# Interpreting score function and information matrix in logistic regression

When performing classification using logistic regression, can the score function (the gradient of the log-likelihood with respect to the weights) and/or the Fisher information matrix (inverse of the log-likelihood Hessian taken w.r.t. to weights) be used to compare the quality of fit of two sets of weights (without calculating the log-likelihood)? I know that if the score function is zero for the first set of weights, then it is optimal and the log-likelihood is greater than or equal to the log-likelihood of the second set of weights. Can a more general statement be made for suboptimal weights?
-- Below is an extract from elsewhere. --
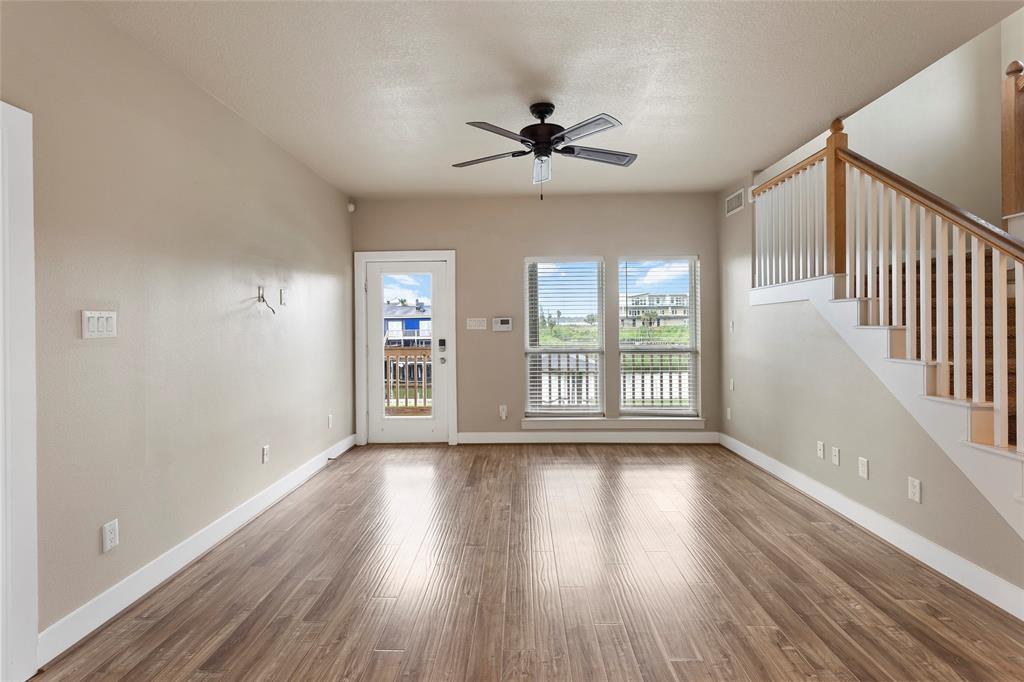 4525 Beacon Hill Drive, Seabrook, Texas image 6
Yes, the score test is asymptotically equivalent to the likelihood ratio test. That means it is a test for nested models. It is evaluated using the score and information under the null hypothesis. That is an important advantage over the LRT and Wald tests.

• So if I understand this correctly, if I choose, for instance, two random points in weight space, $\mathbf{x}_1$ and $\mathbf{x}_2$, I would calculate $S(\mathbf{x}) = \ell'(\mathbf{x})^\mathrm{T} \boldsymbol{\mathcal{I}}(\mathbf{x})^{-1} \ell'(\mathbf{x})$ at both $\mathbf{x}_1$ and $\mathbf{x}_2$ where $\ell(\mathbf{x})$ is the log-likelihood and $\boldsymbol{\mathcal{I}}(\mathbf{x}) = \langle \ell''(\mathbf{x}) \rangle_y$ (averaged over all $y_t \in [0,1]$). If $S(\mathbf{x}_1) < S(\mathbf{x}_2)$, then $\mathbf{x}_1$ will have a lower log-likelihood?
– HSK
Dec 13, 2016 at 18:34
• @HSK no your notation makes no sense. If $\mathbf{x}_1$ is the maximum likelihood estimate under the null hypothesis, e.g. constrained MLE, then all the information and score functions are evaluated at $\mathbf{x}_1$. The score statistic is based on the slope of the likelihood function at the null hypothesis, if it is very steep, the likelihood is definitely not at an extrema there, so you reject the null hypothesis. Dec 13, 2016 at 18:37
• I see, this might be a matter of miscommunication. In the original question, the logistic regression is not comparing nested models. Instead, assume only one dataset is used (no change in the samples and features) and the logistic regression is performed twice using two different random initializations but the regression stops prematurely for both maximizations such the $\mathbf{x}_1$ and $\mathbf{x}_2$ are suboptimal points in weight space. Is it possible to determine based on the score and possibly the information matrix which of the suboptimal solutions is closest to the MLE?
– HSK
Dec 13, 2016 at 18:49
• @HSK If you don't have a likelihood how can you be sure one is closer to an MLE? There might not be an MLE. It sounds like you are dealing with a boundary problem. Logistic regression is well-behaved irrespective of initialization when the information is non-singular. No test suffices. Dec 13, 2016 at 21:38
• The MLE can be calculated and likelihoods can in principal be calculated for the suboptimal weights as well. The motivation for avoiding the likelihood calculation for the suboptimal weights has to do with this (overly specific) question: logistic-rank. Of course, if there is no alternative to calculating the likelihoods, as I suspect, then the problem in the link can only be solved by trying all solutions.